Voor het gedeelte ingelegde gelden

€ 0 t/m € 5.000.000

€ 2.050 per € 450.000 ingelegde gelden of een gedeelte daarvan

  

Voor het gedeelte ingelegde gelden

> € 5.000.000 tot en met € 100 miljoen

€ 1.000 per € 450.000 ingelegde gelden of een gedeelte daarvan

  

Voor het gedeelte ingelegde gelden

> € 100 miljoen

€ 0

Aanbieders van een financieel product als bedoeld in artikel 3 van het Besluit financiële dienstverlening

Ingelegde gelden

Voor het gedeelte ingelegde gelden

€ 0 t/m € 5.000.000

€ 2.050 per € 450.000 ingelegde gelden of een gedeelte daarvan

  

Voor het gedeelte ingelegde gelden

> € 5.000.000 tot en met € 100 miljoen

€ 1.000 per € 450.000 ingelegde gelden of een gedeelte daarvan

  

Voor het gedeelte ingelegde gelden

> € 100 miljoen

€ 0

1Risk Weighed Assets oftewel naar risicograad gewogen posten.

Toelichting

In deze regeling zijn de tarieven voor de kosten van het reguliere toezicht, bedoeld in artikel 14, van de Regeling toezichtskosten Wet financiële dienstverlening voor het jaar 2006 vastgesteld. Op grond van artikel 14, eerste lid, van die regeling, brengt de toezichthouder met ingang van het jaar 2006 jaarlijks een bedrag in rekening ter dekking van de kosten verbonden aan het toezicht. In dat artikel is bepaald dat de minister daartoe jaarlijks vóór 1 juli, op voorstel van de toezichthouder, de tarieven vaststelt. Voor een nadere toelichting op de bij de doorberekening van toezichtkosten gehanteerde systematiek wordt kortheidshalve verwezen naar de toelichting bij de Regeling toezichtskosten Wet financiële dienstverlening.
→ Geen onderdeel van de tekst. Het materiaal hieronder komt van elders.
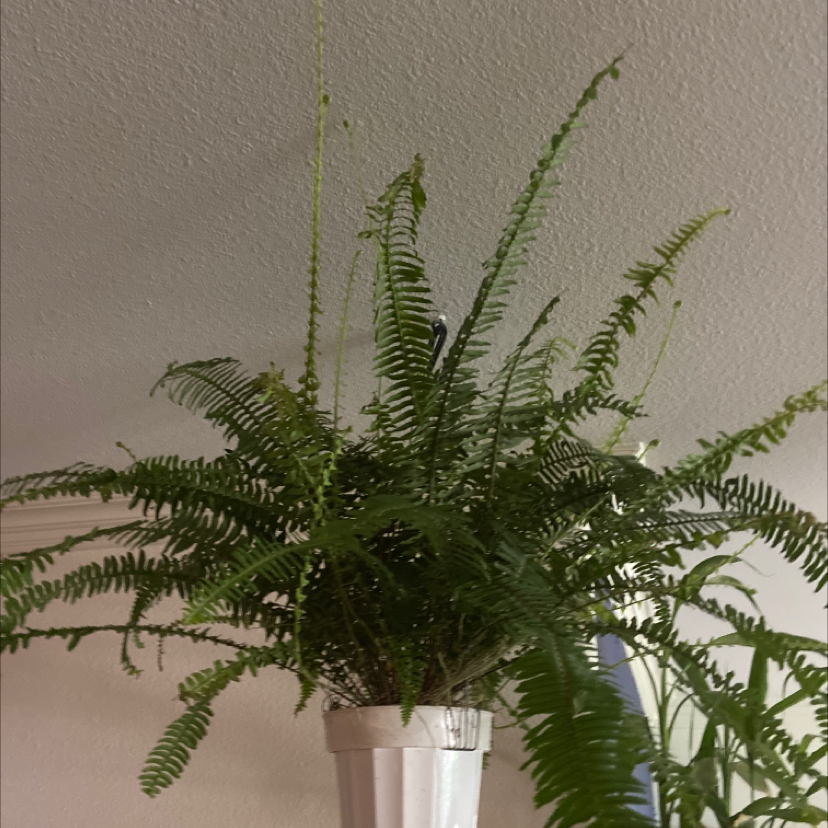 Boston Fern plant photo by @Nubiangoddess named Snooki on Greg, the plant care app.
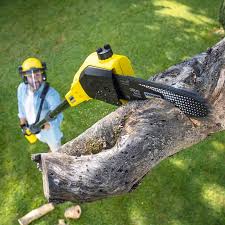 Best Pest Control for Lawns  in Baldn, WI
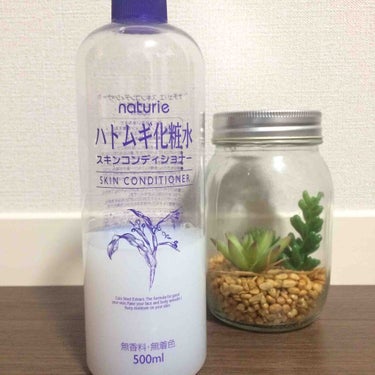 naturie
ハトムギ化粧水
スキンコンディショナー

500mlでワンコインのプチプラアイテム🎀

お風呂上がりに全身にたっぷりと。
化粧水で潤いを与えた後に
BODYSHOPのモリンガオイルを
塗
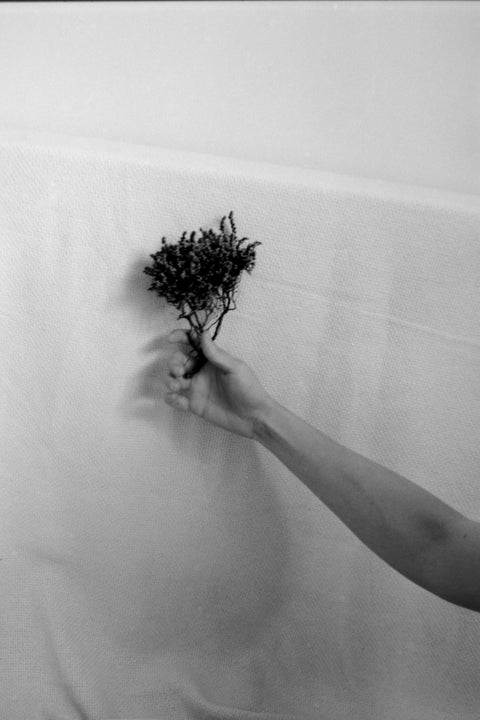 Rebecca Cairns, Gradation II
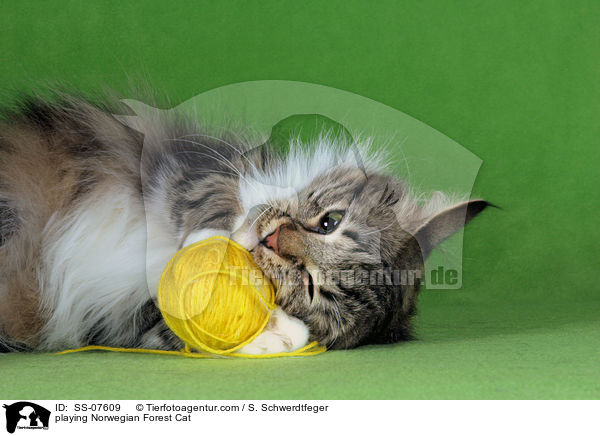 playing Norwegian Forest Cat / SS-07609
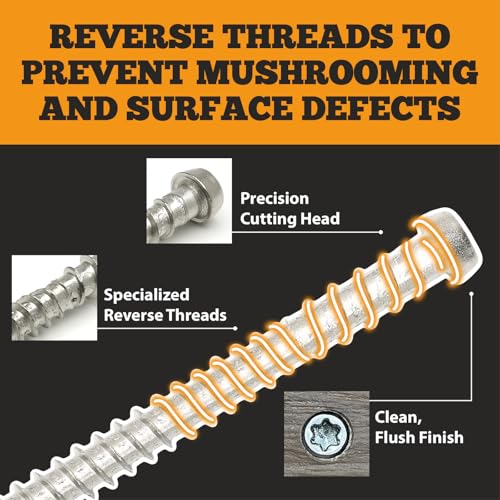 Stainless Steel Screws #10 x 2-1/2 Color Variety Pack - 225 Counts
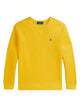Polo Ralph Lauren Jersey With Logo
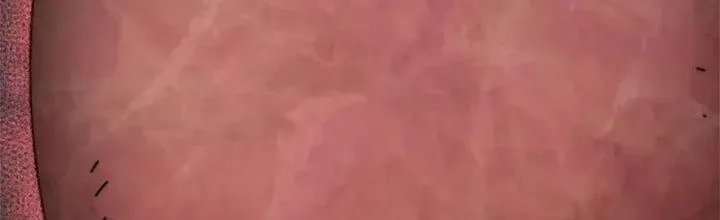 Mạt Thế Đạo Tặc Hành Chap 135 - Next Chap 136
De bij deze regeling vastgestelde tarieven zijn bepaald op voorstel van de stichting Autoriteit Financiële Markten (AFM). Het totale in rekening te brengen bedrag is gebaseerd op de begrote toezichtkosten uit hoofde van de Wet financiële dienstverlening, verminderd met de overheidsbijdrage. Deze tarieven zijn geconsulteerd bij de vertegenwoordigers van de brancheorganisaties. Hierbij wordt door de brancheorganisaties onderkend dat er bij de vaststelling van de tarieven geen relatie meer bestaat met tarieven die op basis van vroegere regelingen van vóór 2006 (zoals RIAV) in rekening zijn gebracht. Bij de vaststelling van de tarieven is rekening gehouden met de relatie die bestaat tussen de intensiteit van het toezicht en de hoogte van het tarief voor de omvang van individuele instellingen. Zo is bijvoorbeeld bij de vaststelling van het tarief voor de adviseurs en bemiddelaars die onder zelftoezicht staan een lager tarief vastgesteld dan voor instellingen die niet onder zelftoezicht staan. Het verschil hiertussen weerspiegelt de mate van zelftoezicht die binnen de sector zelf is geregeld via de Stichting financiële dienstverlening. Bij de vaststelling van het basistarief is tevens rekening gehouden met de draagkracht van kleine organisaties waarbij de tarieven niet mogen leiden tot een te hoge drempel van toetreding tot de markt. In overleg met de brancheorganisaties (die tegen het te veel ontzien van de kleinere instellingen zijn) is besloten de geplande korting door het stopzetten van de opbouw van het reservefonds in het variabele tarief te werken. Hiervan profiteren de middelgrote en grote kantoren. In de nu voorgestelde balans is een beter evenwicht aangebracht.

De tarieven per instelling zijn gemaximeerd door het instellen van een grens waarboven geen heffing meer plaatsvindt. De reden hiervoor is dat voor instellingen van grotere omvang er boven deze grens geen extra kosten zijn voor de toezichtinspanning die een hoger tarief rechtvaardigen. Voor zover mogelijk is de opbouw van de tarieven van de verschillenden categorieën gelijk, waarbij er een evenwicht is tussen de tarieven voor kleinere instellingen, middelgrote en grotere instellingen. Zo is het basisbedrag voor de verschillende categorieën gebaseerd op de raming van de vaste kosten voor het toezicht en administratieve verwerking hiervan.

Het jaar 2006 is het eerste jaar waarin de tarieven in rekening worden gebracht; eventuele tekorten of overschotten zullen worden betrokken bij de over het jaar 2007 in rekening te brengen kosten, conform artikel 5c van de Regeling toezichtskosten Wet financiële dienstverlening.